[sql] What's the best way to dedupe a table?

I've seen a couple of solutions for this, but I'm wondering what the best and most efficient way is to de-dupe a table. You can use code (SQL, etc.) to illustrate your point, but I'm just looking for basic algorithms. I assumed there would already be a question about this on SO, but I wasn't able to find one, so if it already exists just give me a heads up.

(Just to clarify - I'm referring to getting rid of duplicates in a table that has an incremental automatic PK and has some rows that are duplicates in everything but the PK field.)

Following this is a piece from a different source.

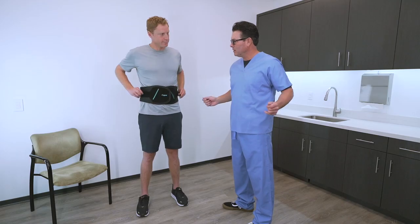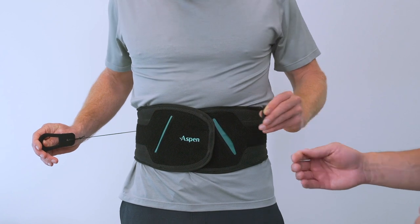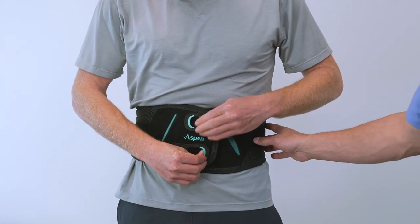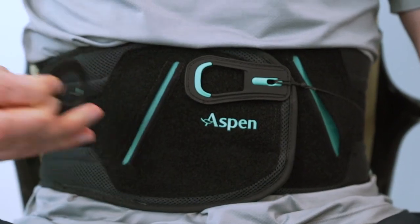Slip each thumb into the pull tabs and extend the tabs out and away from the brace. When desired compression is achieved, place the hook side of the pull tabs down onto the loop material to secure. To maintain effective, comfortable support while sitting, the brace can be loosened by adjusting the pull tabs.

This question is related to sql algorithm performance duplicates

The answer is


I am taking the one from DShook and providing a dedupe example where you would keep only the record with the highest date.

In this example say I have 3 records all with the same app_id, and I only want to keep the one with the highest date:

DELETE t
FROM @USER_OUTBOX_APPS t
INNER JOIN  
(
    SELECT 
         app_id
        ,max(processed_date) as max_processed_date
    FROM @USER_OUTBOX_APPS
    GROUP BY app_id
    HAVING count(*) > 1
) t2 on 
    t.app_id = t2.app_id
WHERE 
    t.processed_date < t2.max_processed_date

These methods will work, but without an explicit id as a PK then determining which rows to delete could be a problem. The bounce out into a temp table delete from original and re-insert without the dupes seems to be the simplest.


You could generate a hash for each row (excluding the PK), store it in a new column (or if you can't add new columns, can you move the table to a temp staging area?), and then look for all other rows with the same hash. Of course, you would have to be able to ensure that your hash function doesn't produce the same code for different rows.

If two rows are duplicate, does it matter which you get rid of? Is it possible that other data are dependent on both of the duplicates? If so, you will have to go through a few steps:

  • Find the dupes
  • Choose one of them as dupeA to eliminate
  • Find all data dependent on dupeA
  • Alter that data to refer to dupeB
  • delete dupeA.

This could be easy or complicated, depending on your existing data model.

This whole scenario sounds like a maintenance and redesign project. If so, best of luck!!


Deduping is rarely simple. That's because the records to be dedupped often have slightly different values is some of the fields. Therefore choose which record to keep can be problematic. Further, dups are often people records and it is hard to identify if the two John Smith's are two people or one person who is duplicated. So spend a lot (50% or more of the whole project) of your time defining what constitutes a dup and how to handle the differences and child records.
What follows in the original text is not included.